This is a genuinely common problem the moment you mix architectures in a cluster, and the proper fix is a multi-architecture image — a single image that contains binaries for both architectures, where each node automatically pulls the variant it can run.

Docker’s buildx tool does this, but it needs emulation support to build ARM binaries on an x86 machine. Set up the builder and install QEMU emulation:

# Create a buildx builder that can target multiple platforms
docker buildx create --name multiarch --use

# Install QEMU emulation handlers so x86 can build ARM binaries
docker run --privileged --rm tonistiigi/binfmt --install all

Then rebuild targeting both platforms at once. Because this homelab has no container registry yet, I output to an OCI tar file instead of pushing:

docker buildx build \
  --platform linux/amd64,linux/arm64 \
  -t status-page:v1 \
  --output type=oci,dest=status-page-multiarch.tar .

This builds the image twice internally — once natively for x86_64 (fast) and once under ARM emulation (slower, because every instruction is being translated) — and packages both into a single artifact with a manifest that lets each node select the right one.

Then import the image into each node’s containerd. On the control plane:

sudo k3s ctr images import status-page-multiarch.tar

Copy the tar to the worker over the mesh and import it there too:

scp status-page-multiarch.tar <user>@<WORKER_IP>:~/
# then, on the worker:
sudo k3s ctr images import ~/status-page-multiarch.tar

After redeploying, both copies started cleanly — one on the x86_64 control plane, one on the ARM64 worker, from the same image. The architecture mismatch was gone.

One honest note: moving images by exporting to a tar and copying it to each node works, but it is a manual crutch. The proper solution is a container registry that both nodes pull from automatically, and that is on the list for a future phase. Doing it the manual way first taught me why a registry exists, which I do not regret.

Chapter 5: The Workload — Replicas, Probes, and Forcing One Pod Per Node

With the image working everywhere, I could write the actual Kubernetes configuration the way it is meant to be written. Here is the full deployment.yaml, then an explanation of the pieces that matter:

apiVersion: apps/v1
kind: Deployment
metadata:
  name: status-page
  labels:
    app: status-page
spec:
  replicas: 2
  selector:
    matchLabels:
      app: status-page
  template:
    metadata:
      labels:
        app: status-page
    spec:
      containers:
        - name: status-page
          image: status-page:v1
          imagePullPolicy: IfNotPresent
          ports:
            - containerPort: 5000
          livenessProbe:
            httpGet:
              path: /health
              port: 5000
            initialDelaySeconds: 10
            periodSeconds: 30
          readinessProbe:
            httpGet:
              path: /health
              port: 5000
            initialDelaySeconds: 5
            periodSeconds: 10
          resources:
            requests:
              memory: "64Mi"
              cpu: "50m"
            limits:
              memory: "128Mi"
              cpu: "200m"
      topologySpreadConstraints:
        - maxSkew: 1
          topologyKey: kubernetes.io/hostname
          whenUnsatisfiable: DoNotSchedule
          labelSelector:
            matchLabels:
              app: status-page

A few pieces are worth explaining because they are the difference between “a container that happens to run” and “a workload Kubernetes actively manages.”

replicas: 2 — the desired state says two copies should always exist.

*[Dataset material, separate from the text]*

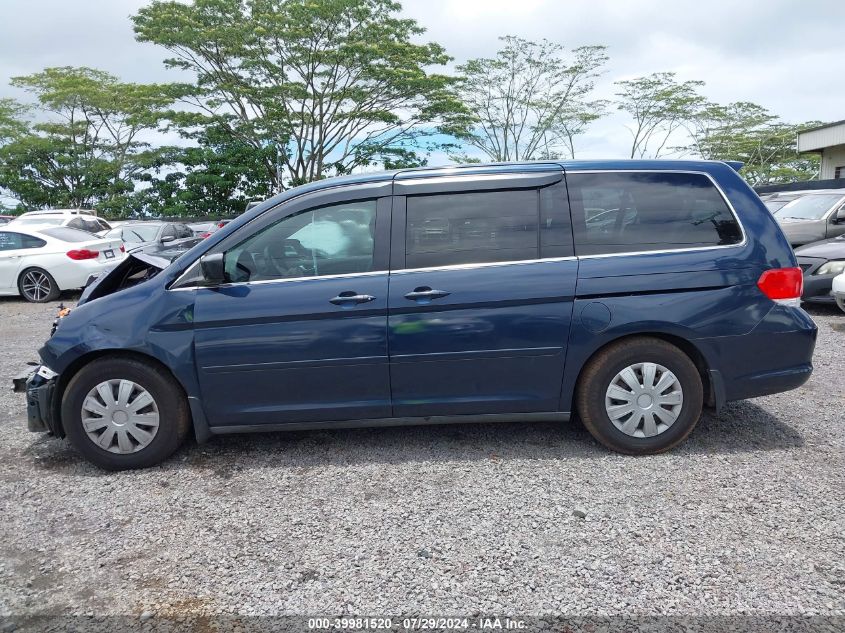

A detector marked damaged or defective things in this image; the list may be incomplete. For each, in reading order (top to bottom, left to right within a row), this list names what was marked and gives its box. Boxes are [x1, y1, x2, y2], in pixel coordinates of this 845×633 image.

crumpled bumper [12, 366, 58, 434]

This is the foundation of the redundancy — if one dies, the other keeps serving while a replacement is created.

imagePullPolicy: IfNotPresent — critical when you import images manually instead of using a registry. It tells Kubernetes “use the local image if it exists, do not try to pull from a registry.” Without this, it would try to fetch from Docker Hub and fail.

Health probes. The app exposes a /health endpoint. The liveness probe asks “is this pod alive? if not, restart it.” The readiness probe asks “should this pod receive traffic right now? if not, stop routing to it but leave it alone.” That distinction — restart versus stop-sending-traffic — is the heart of automated health management.

Resource limits. Each pod is guaranteed a small amount of CPU and memory (requests) and capped at a larger amount (limits). If a pod exceeds its memory ceiling, Kubernetes kills and restarts it, so one misbehaving pod cannot take down the whole node.

Topology spread. This is the piece that delivers genuine geographic redundancy. maxSkew: 1 with topologyKey: kubernetes.io/hostname tells Kubernetes “do not let one node hold more of these pods than another.” With two replicas and two nodes, that forces exactly one pod onto each node. Without it, Kubernetes might place both copies on the same node — and then a single machine failure would still take the whole app down. The constraint is what turns “two copies” into “two copies in two regions.”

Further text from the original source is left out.